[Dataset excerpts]
===
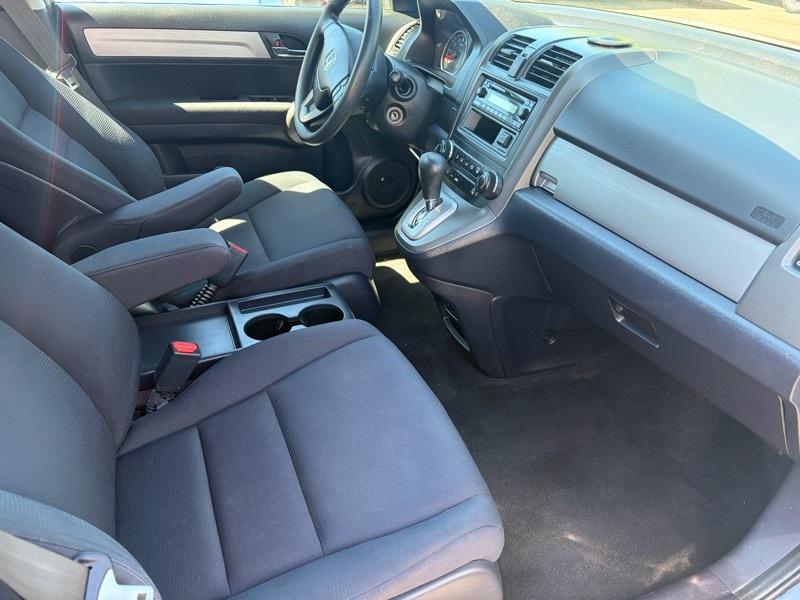 Honda CR-V  2010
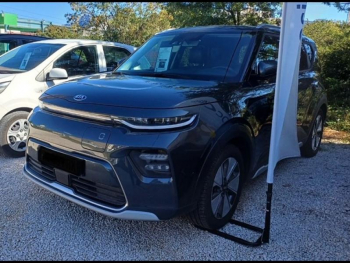 KIA e-Soul d’occasion à vendre à AIX-EN-PROVENCE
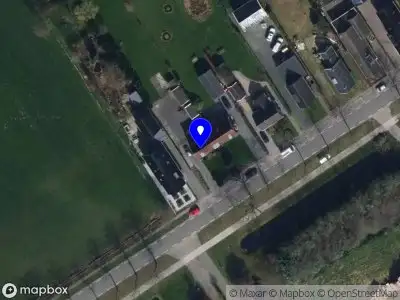 Sjoelver. De Monden e.o.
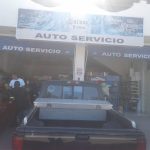 Autoservicio H y S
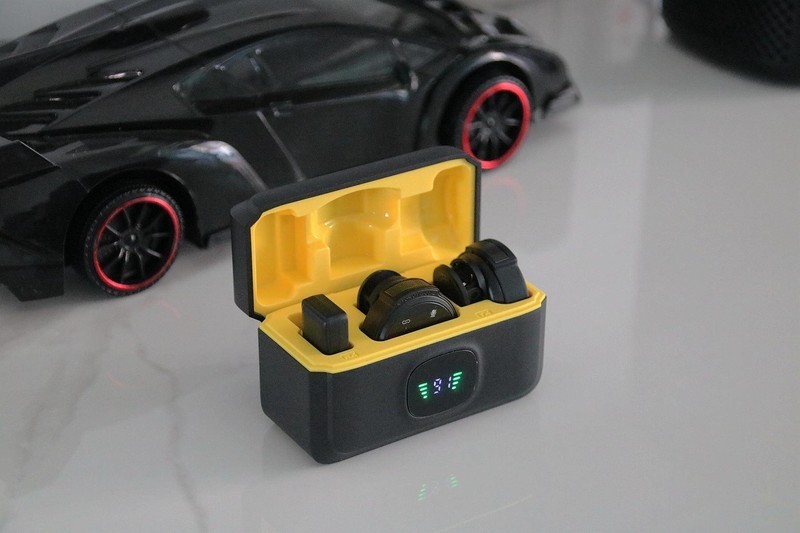 无线领夹麦克风哪个品牌性价比高？多款高性价比领夹麦克风推荐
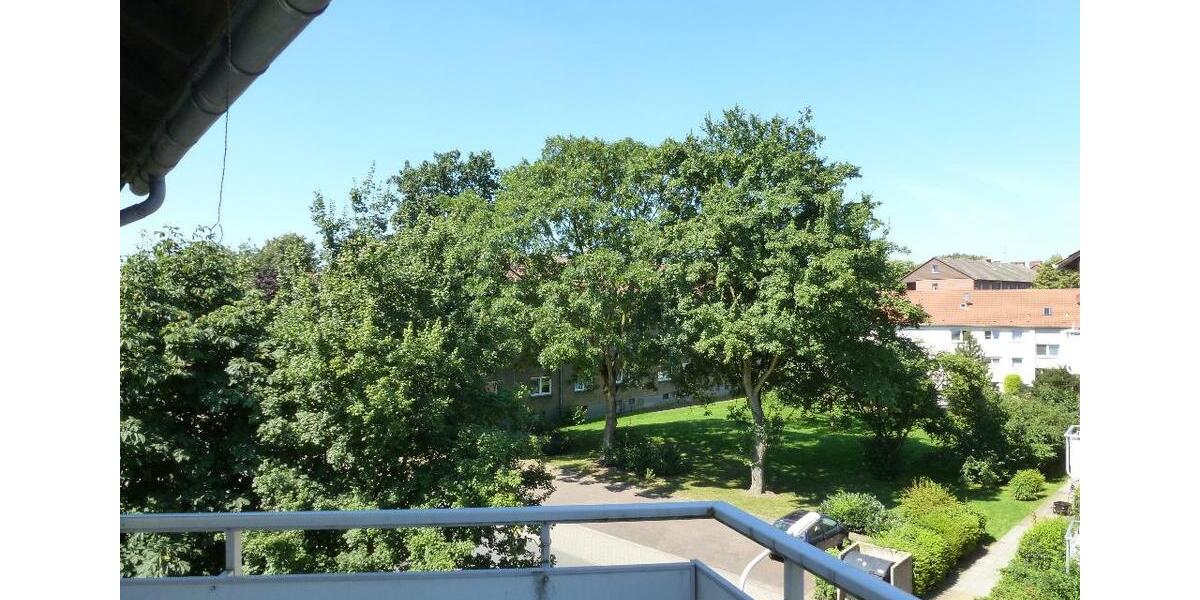 Etagenwohnung Hamm Herringen - 3.5 Zimmer, 59 m&sup2;, 419&euro; | Angebot:26583573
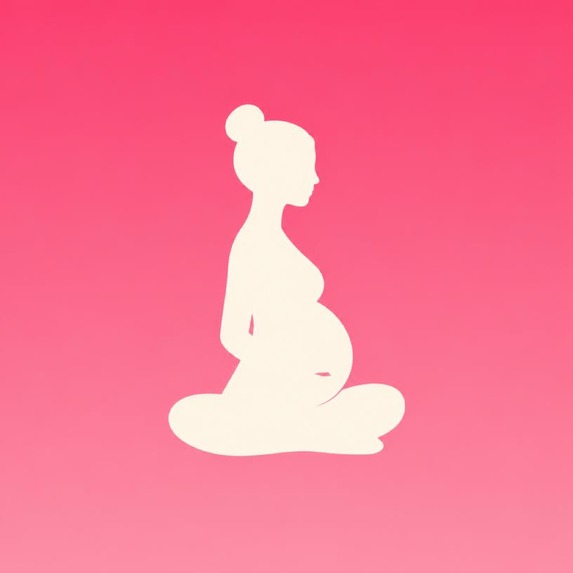 Nara - Pregnant Yoga – screenshot 5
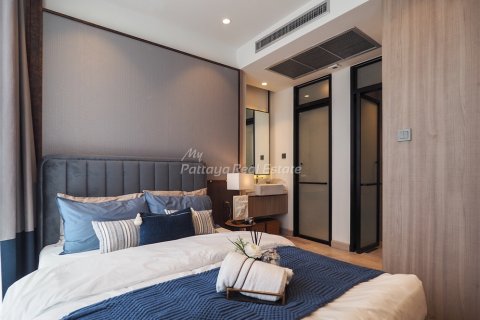 Condo in Pattaya, Thailand, 1 bedroom  № 71927 - photo 6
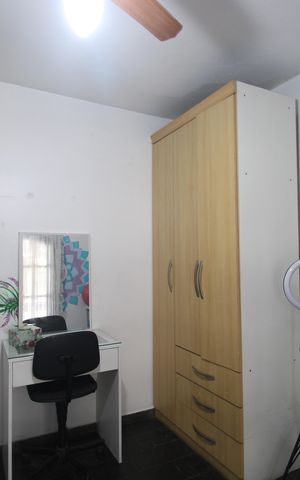 Casa de condomínio à venda com 229m², 5 quartos e 2 vagasQuarto 2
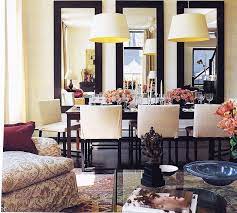 Check spelling or type a new query. Three Vertical Mirrors In Dining Space Via Arianna Belle Blog Model Home Decorating Home Dining Room Walls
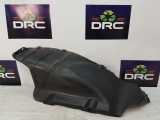 KIA RIO LS 2008 KIA RIO LS MK2 JB 1.4 05-11 REAR LEFT INNER PLASTIC WHEEL ARCH LINER 86821-1G200 2008KIA RIO LS MK2 JB 1.4 05-11 REAR LEFT INNER PLASTIC WHEEL ARCH LINER 86821-1G200 86821-1G200     Used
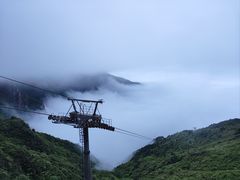 -萍乡武功山风景名胜区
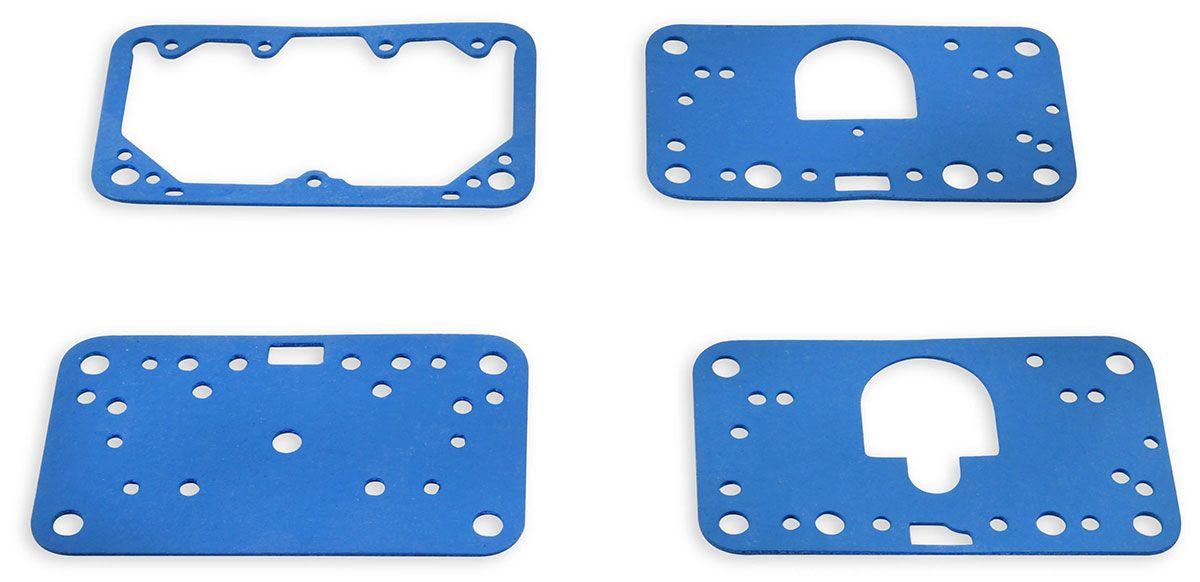 Holley Carburettor Renew Kit/Rebuild Kit (HO37-720) - Prolink Performance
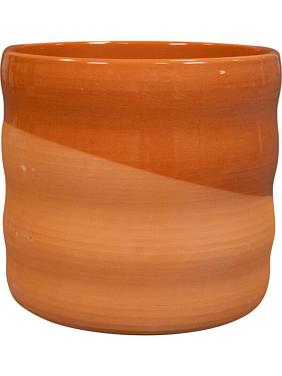 Кашпо Odin pot red terra Кашпо Odin pot red terra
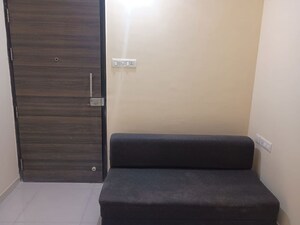 Room in 1 BHK Apartment at Dosti Desire Joy, Brahmand – for Rent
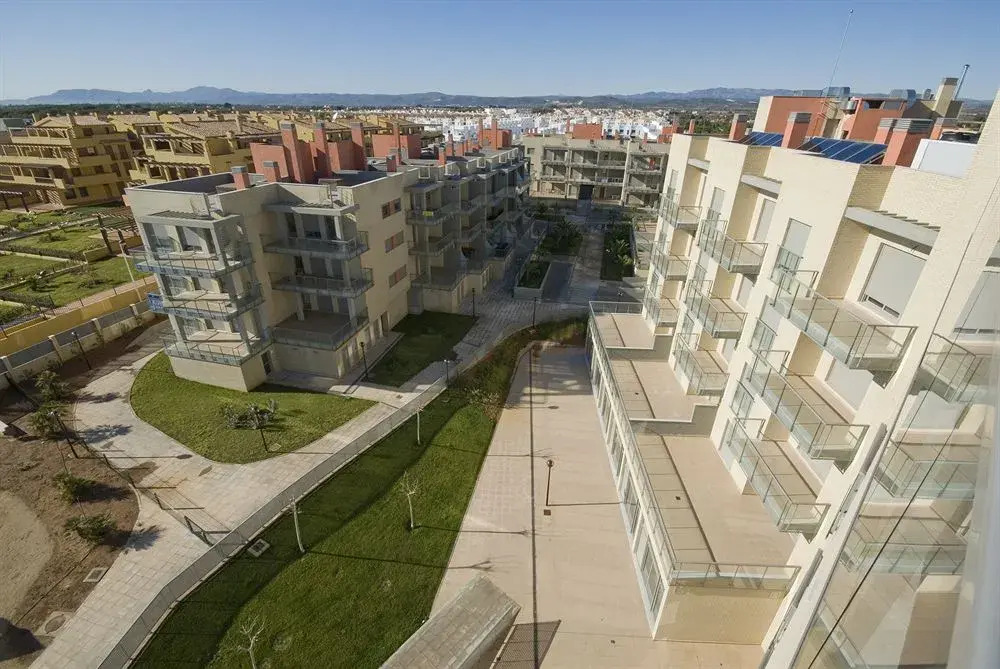 Alcocebre Suites Hotel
===
**WHAT IS EXPECTED**
Give back the data exactly. Pictures stay out.

**TASK OUTPUT**
 Honda CR-V  2010
 KIA e-Soul d’occasion à vendre à AIX-EN-PROVENCE
 Sjoelver. De Monden e.o.
 Autoservicio H y S
 无线领夹麦克风哪个品牌性价比高？多款高性价比领夹麦克风推荐
 Etagenwohnung Hamm Herringen - 3.5 Zimmer, 59 m&sup2;, 419&euro; | Angebot:26583573
 Nara - Pregnant Yoga – screenshot 5
 Condo in Pattaya, Thailand, 1 bedroom  № 71927 - photo 6
 Casa de condomínio à venda com 229m², 5 quartos e 2 vagasQuarto 2
 Check spelling or type a new query. Three Vertical Mirrors In Dining Space Via Arianna Belle Blog Model Home Decorating Home Dining Room Walls
 KIA RIO LS 2008 KIA RIO LS MK2 JB 1.4 05-11 REAR LEFT INNER PLASTIC WHEEL ARCH LINER 86821-1G200 2008KIA RIO LS MK2 JB 1.4 05-11 REAR LEFT INNER PLASTIC WHEEL ARCH LINER 86821-1G200 86821-1G200     Used
 -萍乡武功山风景名胜区
 Holley Carburettor Renew Kit/Rebuild Kit (HO37-720) - Prolink Performance
 Кашпо Odin pot red terra Кашпо Odin pot red terra
 Room in 1 BHK Apartment at Dosti Desire Joy, Brahmand – for Rent
 Alcocebre Suites Hotel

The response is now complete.